空き地が増加している原因に、所有者が不明になっている土地の増加が挙げられます。所有者不明土地は、防犯面などのさまざまな問題が生ずるため、国や地方自治体でさまざまな取り組みが行われていますが、令和2年以降、所有者不明土地への対応が変わります。
ここでは、所有者不明土地の変更点などを解説します。
所有者不明土地等の内容と問題点
所有者不明土地等への対応の変更点を見ていく前に、そもそも所有者不明土地等とは何か、どのような問題点があるのかを確認していきましょう。
所有者不明土地等とは
所有者不明土地等とは、その名のとおり、所有者が不明な土地やその権利等のことです。では「所有者が不明」とはどのような状況を指すのでしょうか。
「所有者が不明」とは、不動産登記により所有者が直ちに判明しない状態、もしくは所有者が判明しても連絡がつかない状態のことをいいます。
売買などで土地を取得した場合は、所有権の移転登記を行い、公に自分のものにします。
第三者からの土地の取得の場合は、通常、不動産業者などが仲介するため、所有権移転の登記をし忘れることはありません。
しかし、例えば親族からの売買や、相続による土地の取得の場合は、所有権移転の登記をし忘れることがあります。
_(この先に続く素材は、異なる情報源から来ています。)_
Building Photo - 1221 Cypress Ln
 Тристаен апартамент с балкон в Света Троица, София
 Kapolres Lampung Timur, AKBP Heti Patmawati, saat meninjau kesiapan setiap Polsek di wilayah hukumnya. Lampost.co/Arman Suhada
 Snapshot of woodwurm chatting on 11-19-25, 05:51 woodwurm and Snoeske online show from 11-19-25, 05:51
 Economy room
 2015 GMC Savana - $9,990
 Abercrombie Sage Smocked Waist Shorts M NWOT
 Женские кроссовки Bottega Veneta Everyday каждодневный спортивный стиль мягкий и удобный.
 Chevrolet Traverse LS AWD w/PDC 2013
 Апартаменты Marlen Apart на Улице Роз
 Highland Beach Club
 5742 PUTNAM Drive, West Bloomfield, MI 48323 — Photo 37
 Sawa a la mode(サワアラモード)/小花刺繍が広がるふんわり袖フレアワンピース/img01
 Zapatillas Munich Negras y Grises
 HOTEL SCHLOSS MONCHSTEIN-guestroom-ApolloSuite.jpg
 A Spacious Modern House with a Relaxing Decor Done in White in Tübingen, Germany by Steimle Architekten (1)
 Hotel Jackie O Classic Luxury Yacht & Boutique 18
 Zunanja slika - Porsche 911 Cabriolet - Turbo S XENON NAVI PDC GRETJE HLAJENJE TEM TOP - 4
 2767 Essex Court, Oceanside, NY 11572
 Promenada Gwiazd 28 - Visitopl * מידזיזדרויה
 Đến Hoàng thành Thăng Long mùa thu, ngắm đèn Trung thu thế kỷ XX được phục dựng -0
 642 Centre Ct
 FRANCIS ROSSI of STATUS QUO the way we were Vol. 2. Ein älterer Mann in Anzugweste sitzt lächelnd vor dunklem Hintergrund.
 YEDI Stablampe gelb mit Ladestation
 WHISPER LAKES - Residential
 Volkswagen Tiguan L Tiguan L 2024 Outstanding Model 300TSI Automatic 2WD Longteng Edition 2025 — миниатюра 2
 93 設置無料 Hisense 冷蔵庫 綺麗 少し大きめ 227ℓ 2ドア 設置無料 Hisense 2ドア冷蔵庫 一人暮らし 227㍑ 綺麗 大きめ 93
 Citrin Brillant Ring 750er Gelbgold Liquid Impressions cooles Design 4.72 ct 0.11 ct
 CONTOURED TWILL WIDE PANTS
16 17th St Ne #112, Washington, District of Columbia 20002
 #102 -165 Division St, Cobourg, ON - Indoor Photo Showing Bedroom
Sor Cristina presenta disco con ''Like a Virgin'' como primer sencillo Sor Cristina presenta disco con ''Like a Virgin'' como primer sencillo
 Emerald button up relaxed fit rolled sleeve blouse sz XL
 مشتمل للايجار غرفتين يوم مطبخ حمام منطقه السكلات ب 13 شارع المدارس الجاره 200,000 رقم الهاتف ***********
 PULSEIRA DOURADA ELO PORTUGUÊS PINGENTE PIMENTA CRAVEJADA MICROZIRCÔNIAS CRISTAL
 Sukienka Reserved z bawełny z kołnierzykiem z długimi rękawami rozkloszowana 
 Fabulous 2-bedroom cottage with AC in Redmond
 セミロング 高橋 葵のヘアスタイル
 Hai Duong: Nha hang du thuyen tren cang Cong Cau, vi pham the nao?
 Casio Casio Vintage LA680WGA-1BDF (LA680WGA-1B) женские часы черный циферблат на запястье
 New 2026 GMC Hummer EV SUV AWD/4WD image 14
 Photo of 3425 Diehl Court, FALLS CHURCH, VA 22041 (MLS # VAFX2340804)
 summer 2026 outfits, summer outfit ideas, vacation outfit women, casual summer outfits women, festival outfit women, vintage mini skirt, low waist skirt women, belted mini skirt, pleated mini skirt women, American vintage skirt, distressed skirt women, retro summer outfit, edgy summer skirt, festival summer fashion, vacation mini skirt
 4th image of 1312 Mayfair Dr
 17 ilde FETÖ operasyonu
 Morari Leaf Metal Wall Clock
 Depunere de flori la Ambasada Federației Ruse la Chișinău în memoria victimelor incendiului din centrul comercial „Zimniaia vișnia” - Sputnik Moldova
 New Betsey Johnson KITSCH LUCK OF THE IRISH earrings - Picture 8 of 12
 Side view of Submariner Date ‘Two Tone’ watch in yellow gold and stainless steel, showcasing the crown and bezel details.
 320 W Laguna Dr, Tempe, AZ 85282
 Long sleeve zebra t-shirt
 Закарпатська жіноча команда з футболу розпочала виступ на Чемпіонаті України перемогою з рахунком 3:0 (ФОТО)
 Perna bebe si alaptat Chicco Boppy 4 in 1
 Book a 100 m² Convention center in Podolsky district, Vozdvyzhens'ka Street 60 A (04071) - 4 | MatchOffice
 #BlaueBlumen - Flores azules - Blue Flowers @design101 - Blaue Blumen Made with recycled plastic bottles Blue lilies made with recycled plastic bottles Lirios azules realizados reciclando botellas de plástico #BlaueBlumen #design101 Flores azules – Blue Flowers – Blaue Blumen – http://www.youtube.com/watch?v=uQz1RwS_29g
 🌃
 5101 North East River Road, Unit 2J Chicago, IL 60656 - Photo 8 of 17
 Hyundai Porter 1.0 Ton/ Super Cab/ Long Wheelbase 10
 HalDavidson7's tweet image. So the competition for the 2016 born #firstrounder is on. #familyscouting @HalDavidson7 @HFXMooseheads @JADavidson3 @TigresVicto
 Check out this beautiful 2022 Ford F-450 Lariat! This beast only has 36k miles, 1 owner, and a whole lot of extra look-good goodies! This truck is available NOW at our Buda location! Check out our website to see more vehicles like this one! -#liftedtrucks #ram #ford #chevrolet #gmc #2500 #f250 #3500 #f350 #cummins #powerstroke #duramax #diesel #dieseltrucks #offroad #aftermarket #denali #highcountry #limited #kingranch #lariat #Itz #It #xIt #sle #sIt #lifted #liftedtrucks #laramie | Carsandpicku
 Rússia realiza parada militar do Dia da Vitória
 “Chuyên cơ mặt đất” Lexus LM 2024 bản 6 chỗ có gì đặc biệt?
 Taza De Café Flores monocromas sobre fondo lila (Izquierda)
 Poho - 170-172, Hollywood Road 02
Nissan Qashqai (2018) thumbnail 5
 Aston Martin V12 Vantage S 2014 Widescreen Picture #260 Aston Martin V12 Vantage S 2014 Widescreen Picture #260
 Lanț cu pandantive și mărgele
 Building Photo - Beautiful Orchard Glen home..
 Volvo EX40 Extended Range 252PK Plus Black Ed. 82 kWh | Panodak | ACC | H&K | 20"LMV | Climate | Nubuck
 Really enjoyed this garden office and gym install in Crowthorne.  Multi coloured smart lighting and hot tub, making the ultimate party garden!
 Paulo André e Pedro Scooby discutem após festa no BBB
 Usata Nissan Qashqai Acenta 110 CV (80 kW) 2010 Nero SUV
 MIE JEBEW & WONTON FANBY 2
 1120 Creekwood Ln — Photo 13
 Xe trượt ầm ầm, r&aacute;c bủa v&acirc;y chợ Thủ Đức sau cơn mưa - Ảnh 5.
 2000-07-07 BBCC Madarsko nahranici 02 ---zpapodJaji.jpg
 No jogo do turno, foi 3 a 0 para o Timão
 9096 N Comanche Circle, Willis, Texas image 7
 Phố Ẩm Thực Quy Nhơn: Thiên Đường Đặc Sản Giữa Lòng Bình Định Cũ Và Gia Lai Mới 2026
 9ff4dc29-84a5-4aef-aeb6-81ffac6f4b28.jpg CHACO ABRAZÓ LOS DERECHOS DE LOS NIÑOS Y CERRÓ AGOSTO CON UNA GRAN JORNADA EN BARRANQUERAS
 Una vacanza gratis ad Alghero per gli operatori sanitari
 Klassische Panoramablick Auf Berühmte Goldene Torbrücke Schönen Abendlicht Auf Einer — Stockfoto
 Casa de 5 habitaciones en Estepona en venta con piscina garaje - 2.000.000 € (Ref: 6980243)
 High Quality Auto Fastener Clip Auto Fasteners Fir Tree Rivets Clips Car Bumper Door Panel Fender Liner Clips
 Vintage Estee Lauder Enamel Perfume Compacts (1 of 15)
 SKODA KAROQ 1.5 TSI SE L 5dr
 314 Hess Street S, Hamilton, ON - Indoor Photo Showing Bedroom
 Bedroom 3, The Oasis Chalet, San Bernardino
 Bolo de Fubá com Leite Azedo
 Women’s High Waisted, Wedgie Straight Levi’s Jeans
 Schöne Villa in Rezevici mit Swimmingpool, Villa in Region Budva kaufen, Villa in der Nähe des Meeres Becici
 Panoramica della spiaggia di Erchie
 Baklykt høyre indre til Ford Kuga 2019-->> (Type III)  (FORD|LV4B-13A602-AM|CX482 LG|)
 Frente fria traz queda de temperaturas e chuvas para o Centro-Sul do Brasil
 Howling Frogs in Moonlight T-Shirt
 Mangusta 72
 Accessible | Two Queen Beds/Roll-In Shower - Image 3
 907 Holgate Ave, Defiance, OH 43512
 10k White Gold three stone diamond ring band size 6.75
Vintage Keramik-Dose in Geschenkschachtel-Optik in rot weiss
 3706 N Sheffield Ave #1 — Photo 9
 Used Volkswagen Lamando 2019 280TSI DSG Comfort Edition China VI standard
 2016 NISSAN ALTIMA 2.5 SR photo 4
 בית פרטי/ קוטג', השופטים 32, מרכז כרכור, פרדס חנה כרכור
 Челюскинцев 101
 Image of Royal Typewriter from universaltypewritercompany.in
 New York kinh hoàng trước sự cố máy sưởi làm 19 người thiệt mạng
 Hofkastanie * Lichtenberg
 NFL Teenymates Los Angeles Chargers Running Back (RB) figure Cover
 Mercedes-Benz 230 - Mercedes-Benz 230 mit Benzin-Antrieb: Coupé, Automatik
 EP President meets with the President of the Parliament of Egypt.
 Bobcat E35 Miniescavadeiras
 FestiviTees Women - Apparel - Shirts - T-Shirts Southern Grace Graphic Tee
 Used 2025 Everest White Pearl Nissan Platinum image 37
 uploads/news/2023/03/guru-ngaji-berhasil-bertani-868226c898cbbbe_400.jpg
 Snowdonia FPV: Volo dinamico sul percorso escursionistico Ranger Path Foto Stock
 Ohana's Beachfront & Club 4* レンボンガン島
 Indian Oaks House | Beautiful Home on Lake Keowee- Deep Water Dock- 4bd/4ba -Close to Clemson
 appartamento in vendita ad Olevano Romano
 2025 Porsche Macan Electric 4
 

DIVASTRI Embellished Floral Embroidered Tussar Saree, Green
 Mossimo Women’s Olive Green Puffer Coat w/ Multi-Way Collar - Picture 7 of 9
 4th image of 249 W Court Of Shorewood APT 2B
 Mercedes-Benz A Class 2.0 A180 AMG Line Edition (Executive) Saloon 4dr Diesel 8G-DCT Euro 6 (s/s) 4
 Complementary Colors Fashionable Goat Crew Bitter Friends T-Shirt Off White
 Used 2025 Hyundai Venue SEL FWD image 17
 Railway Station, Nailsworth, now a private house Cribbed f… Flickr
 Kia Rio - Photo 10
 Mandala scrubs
特に、相続による土地の取得の場合、何代も前の相続から登記を行っておらず、昔に亡くなっている人の名義のままになっていることも多くあります。
所有者不明土地等の問題点
所有者不明土地が増加しだした背景には、人口減少や高齢化により、利用しないまま放置されている不動産が増えたことや、都心部への人口集中が多いことによって地方の土地の活用が少なくなったことなどが挙げられます。
所有者が不明な不動産が増えたことで、さまざまな問題点も生じています。例えば、建物の老朽化が進み、屋根や外壁が剥がれ落ち、通行人にけがをさせたり、草木が生い茂り防犯がしにくくなる、自治体においても固定資産税が徴収できないなどの問題があります。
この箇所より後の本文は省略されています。